The comparative convergence characteristics, loading profiles, and loss profiles for test system 1 for the EO and other optimization techniques are presented in Figure 10. As observed in Figure 10, the voltage and loading profiles are kept within the acceptable ranges and the EO gives the best convergence characteristics compared to other methods. The optimal results of the EO and other techniques for test system 1 are summarized in Table 15. From Table 15, the EO leads to 800.4486 $/h total cost of generators which is better than the total cost obtained by the other compared methods. From Figure 10b,c, it can be found that even though EO can obtain the minimum value of the total cost of power generation, the loading of the transmission lines is more than other methods and voltage deviation of EO is higher than other optimization techniques.
The statistical results yielded by the EO and other optimization techniques are given in Table 16.
From Table 17 and Figure 11, it can be observed that the total cost of generating units for test system 2, test system 3, and test system 4 declined by 3.54%, 3.47%, and 2.91%, respectively, compared to test system 1. In this case, as shown in Table 17; the contribution of power generation from wind power plants for Test system 2 and Test system 4 are 9.58% and 35.68% of the total generation, respectively. Moreover, the contribution of power generation from solar PV for Test system 2 and Test system 3 are 21.33% and 41.17% of the total generation, respectively.

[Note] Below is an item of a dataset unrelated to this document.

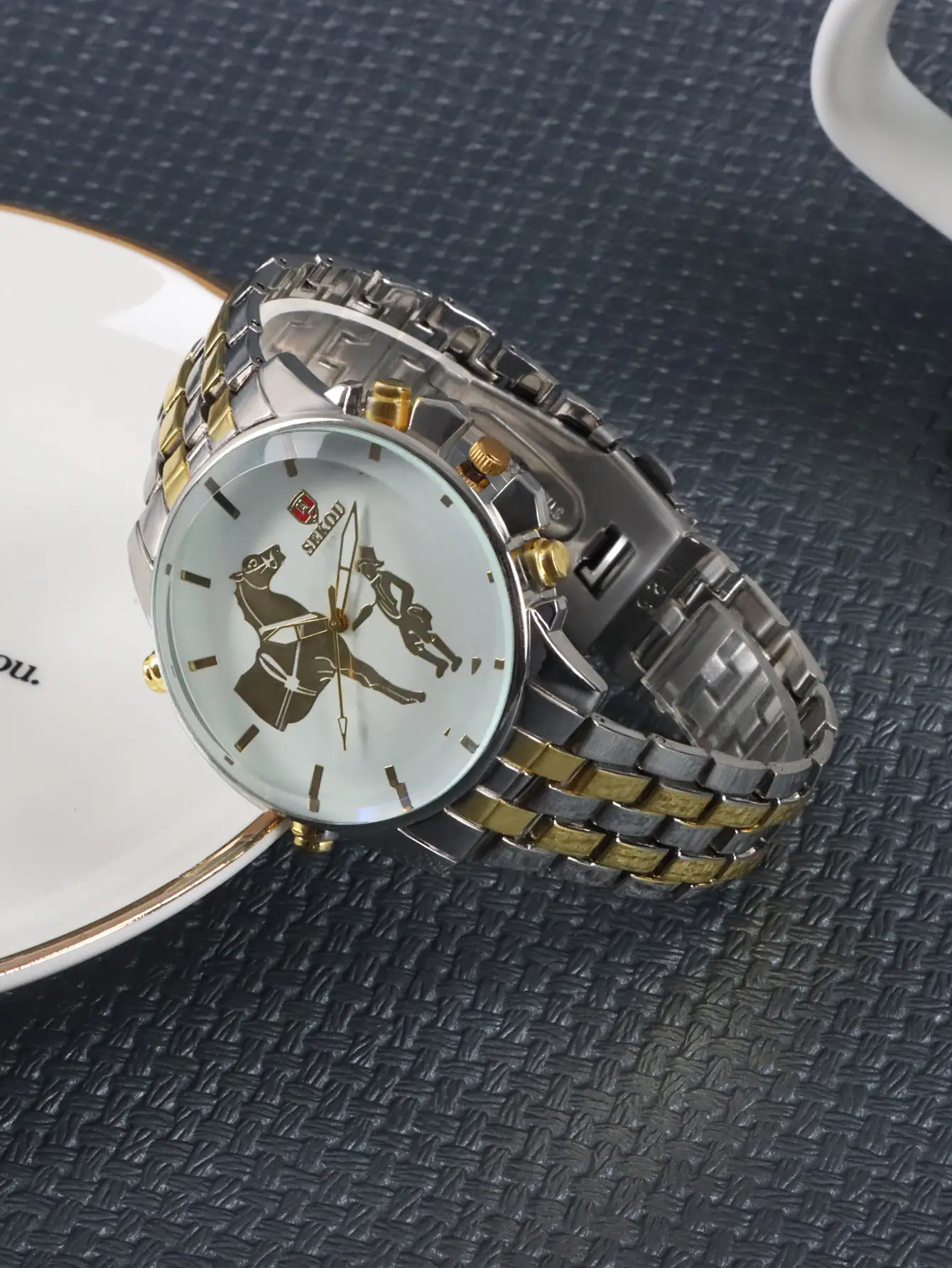 Cross-Border Fashion Men's Quartz Watch Gold-Tone Alloy — feature 5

6.1.4. Voltage Deviation Minimization

Figure 12 demonstrates the voltage profiles for all test systems for this case using EO. The optimal solution obtained by EO for test system 1, test system 2, test system 3, and test system 4 are tabulated in Table 18. As shown in Figure 12 and Table 18, the presence of the renewable energy resources improves the voltage profiles and reduced the voltage deviation for test system 2, test system 3, and test system 4 by 22.46%, 37.39%, and 29.61%, respectively, compared to test system 1. Besides, it can be observed that the power generation contribution of Test system 2 from wind, solar PV and thermal power generation are 17.57%, 17.87%, and 64.54%, respectively. With respect to Test system 3, the contribution of power generation from solar PV and thermal power are 34.69% and 65.30%, respectively. Moreover, the wind power plants of Test system 4 contribute 55.34% of the total power generation.
It is clear from Table 19; the minimum best, standard deviation, and median are obtained by the EO.
From Figure 13, the voltage and loading profiles for this case for all optimization methods obey the constraints of voltages at load buses and transmission line loading. It can also be observed that the EO convergence characteristic outperforms the convergence characteristics of other methods. The results of EO and other methods for test system 1 are given in Table 20. From Figure 13b,c and Table 20, it can be seen that EO achieves the minimum emission index while minimizing the objective function of voltage deviation. In addition, EO and MFO can obtain the lowest real power loss at 6.528 MW and 5.965 MW, respectively. Nevertheless, MPSO, TLBO, TACPSO, and ACPSO1 obtain lower fuel cost in comparison to EO.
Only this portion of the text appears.